I don’t mean my usual domestic routine which involves me vacuuming in a circle (moving furniture happens as often as Jodie Marsh wearing something tasteful) and flicking a duster over surfaces – narrowly avoiding any corners.
No, I mean the hardcore stuff – vacuuming the mattress, cleaning wardrobes and washing blinds.
Usually when the kids are at school I use my free time wisely by catching up on Britain’s Next Top Model, reading the latest magazines, and avoiding the dust (if I don’t wear my glasses around the house, I find my home looks immaculate. It’s very rare I want to waste the days doing actual housework).

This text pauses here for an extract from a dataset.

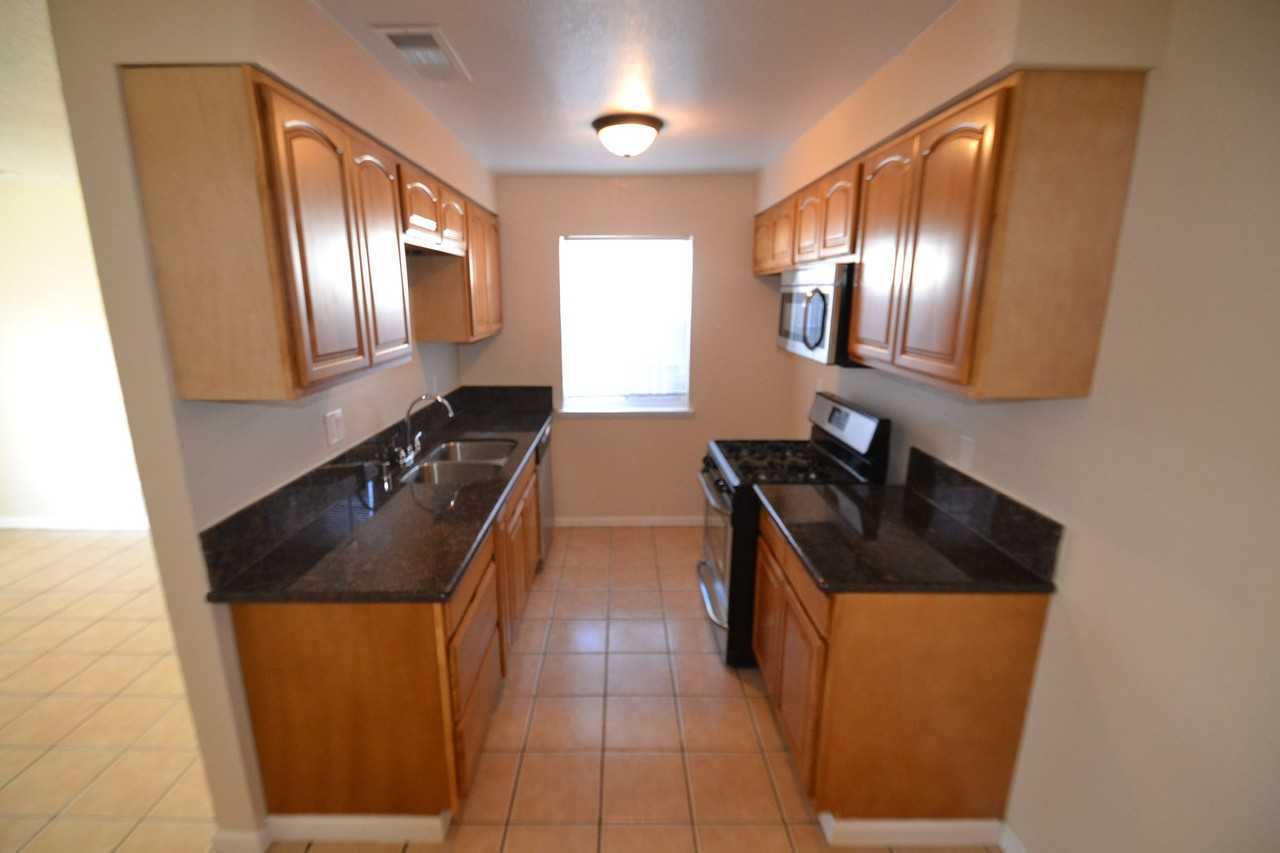 132 4th Ave - Photo 2 of 13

However, cooped up with small boys on a rainy day, the only escape was to head upstairs and be forced into doing all those jobs you pray the domestic fairy will just appear and sort out.
I’ve also become addicted to Anthea Turner’s domestic goddess programme, which is, in my case, a bit like people who can’t cook an egg watching elaborate gallic cooking on a obscure French channel.
Each week Anthea takes two demented women, harassed with families, work and the dirty and dishevelled state of their homes and teaches them practical tips such as sorting out an under-the-stairs closet or how to decorate a raspberry sponge. I can’t get enough of it.
When I first watched the programme I did so to shout abuse at the screen and to try and make myself feel good i.e. “I have better things to do with my life than alphabetisise my herbs.’’
Now I have been seduced by Anthea’s fabulous home, set in acres of landscaped gardens, and which has perfectly-plumped cushions, cakes made with lilac icing and any clutter hidden in baskets.
Her motto: “If it’s not beautiful, practical or seriously sentimental, throw it away!’’ is now my mantra.
Subsequently, you would have found me last week surrounded by two bin blacks filled with old clothes (nothing that ever, by any stretch of the word, will be termed vintage), Jackie Collins novels from 1985 and half-empty make-up bottles (I’ve just read you can catch rabies or leprosy, or such like, from the germs in these containers).
My mother has spent years trying to shame me into cleaning the house like a “proper’’ woman. It has taken boredom and Anthea’s baskets to finally show me the error of my ways.